*** Opening of Data in this exercise ***

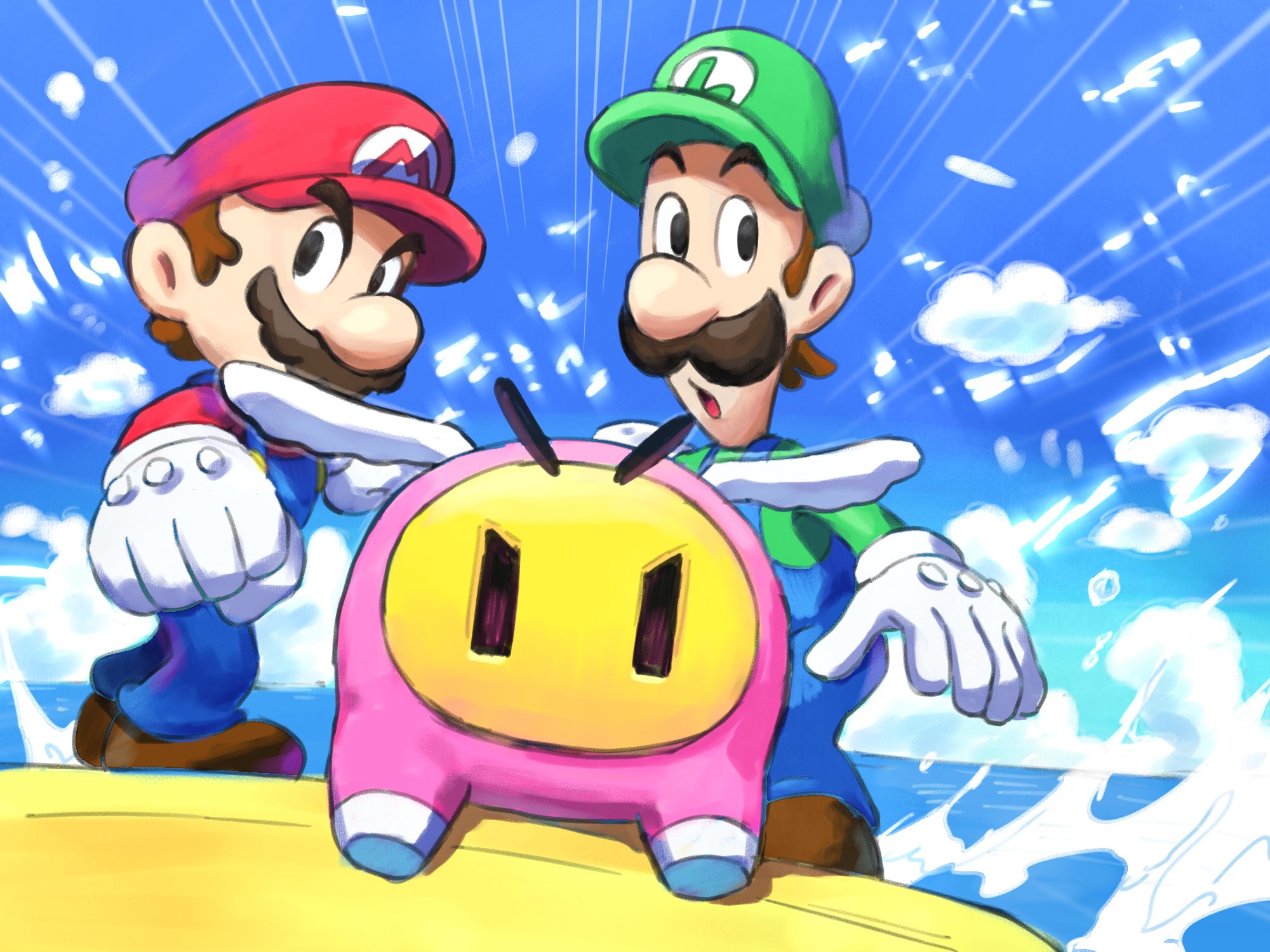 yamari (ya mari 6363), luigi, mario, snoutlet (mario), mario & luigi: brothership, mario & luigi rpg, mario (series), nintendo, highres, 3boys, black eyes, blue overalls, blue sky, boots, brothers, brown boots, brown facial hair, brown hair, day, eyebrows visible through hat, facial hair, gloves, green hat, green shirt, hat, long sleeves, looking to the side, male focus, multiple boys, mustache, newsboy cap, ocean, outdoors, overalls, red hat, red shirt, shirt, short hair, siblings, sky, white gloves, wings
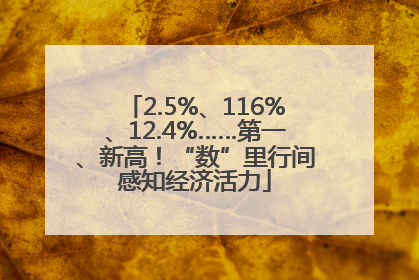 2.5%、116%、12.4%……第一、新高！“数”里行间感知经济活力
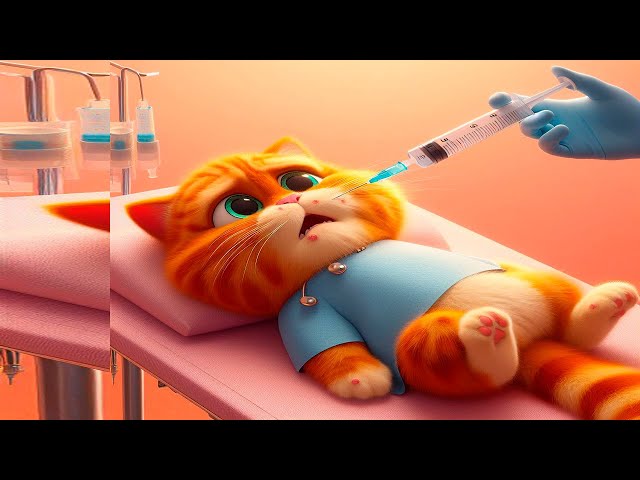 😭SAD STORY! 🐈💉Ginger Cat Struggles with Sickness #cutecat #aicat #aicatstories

*** Close of Data in this exercise ***
*** Opening of Data in this exercise ***

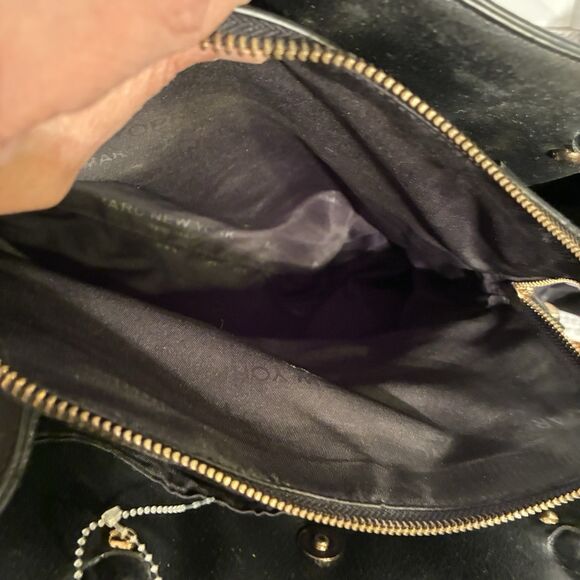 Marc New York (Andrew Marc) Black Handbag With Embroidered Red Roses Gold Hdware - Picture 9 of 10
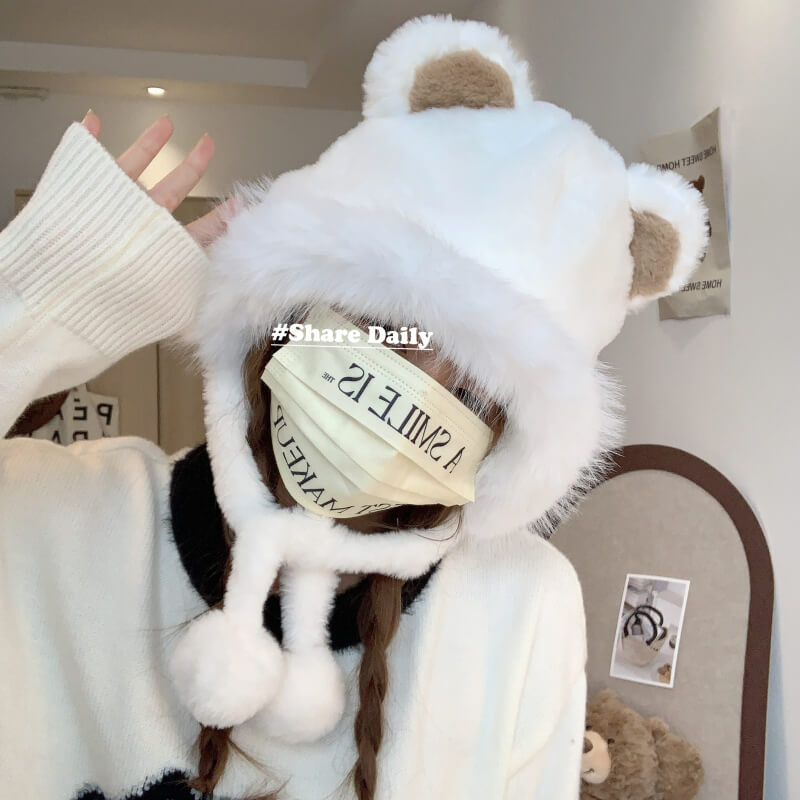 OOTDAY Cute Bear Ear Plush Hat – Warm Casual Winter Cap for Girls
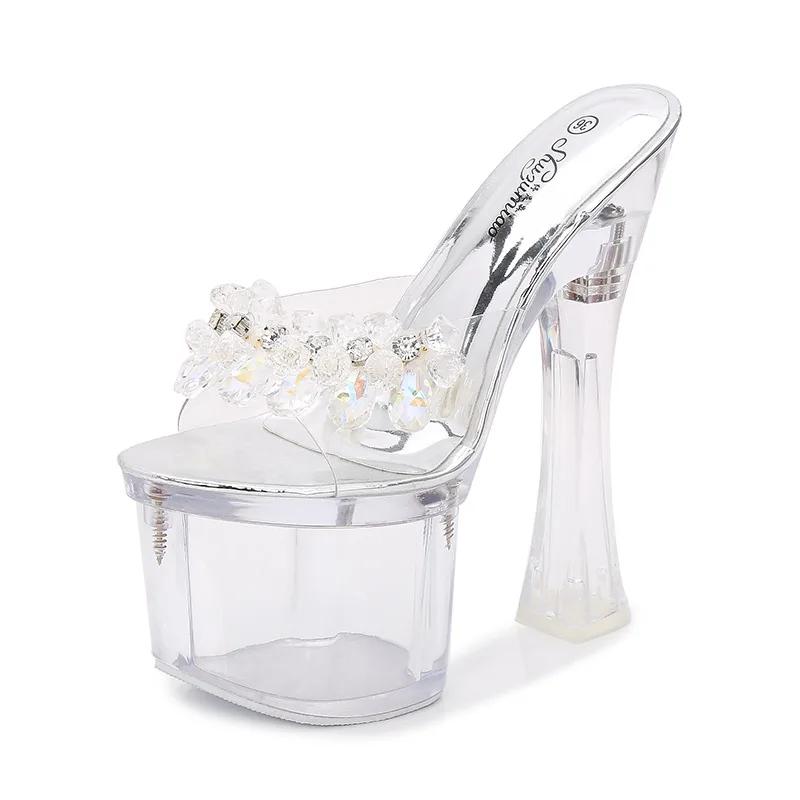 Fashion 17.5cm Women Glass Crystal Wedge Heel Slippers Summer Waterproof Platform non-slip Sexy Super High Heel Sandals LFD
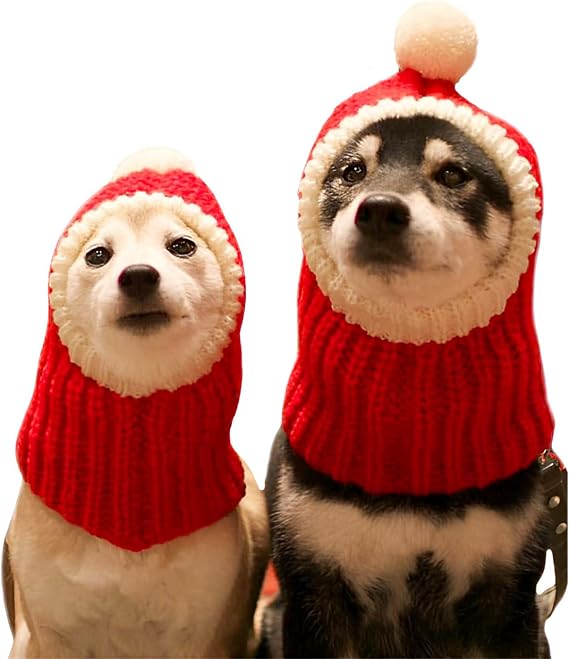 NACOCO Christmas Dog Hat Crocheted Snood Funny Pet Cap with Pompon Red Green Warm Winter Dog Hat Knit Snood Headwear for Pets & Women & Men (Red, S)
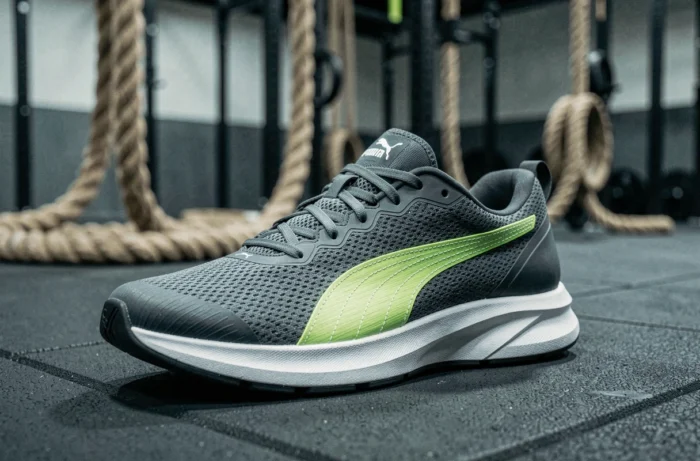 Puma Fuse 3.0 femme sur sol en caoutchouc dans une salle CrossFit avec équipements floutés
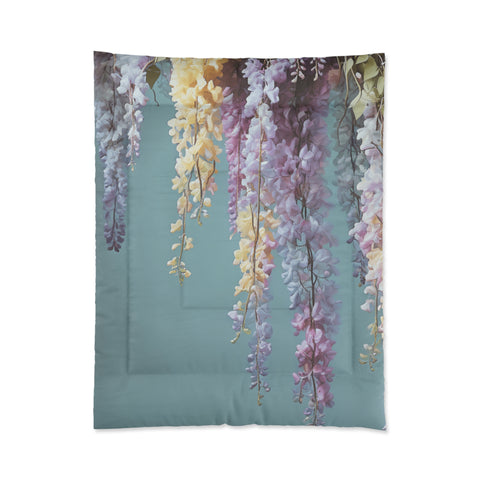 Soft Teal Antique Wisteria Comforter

*** Close of Data in this exercise ***

> Assignment
Write down exactly what the lines above say, from the line holding "yamari (ya mari" through the line holding "#cutecat #aicat #aicatstories", and nothing more. Do not copy the pictures.

> Response below
 yamari (ya mari 6363), luigi, mario, snoutlet (mario), mario & luigi: brothership, mario & luigi rpg, mario (series), nintendo, highres, 3boys, black eyes, blue overalls, blue sky, boots, brothers, brown boots, brown facial hair, brown hair, day, eyebrows visible through hat, facial hair, gloves, green hat, green shirt, hat, long sleeves, looking to the side, male focus, multiple boys, mustache, newsboy cap, ocean, outdoors, overalls, red hat, red shirt, shirt, short hair, siblings, sky, white gloves, wings
 2.5%、116%、12.4%……第一、新高！“数”里行间感知经济活力
 😭SAD STORY! 🐈💉Ginger Cat Struggles with Sickness #cutecat #aicat #aicatstories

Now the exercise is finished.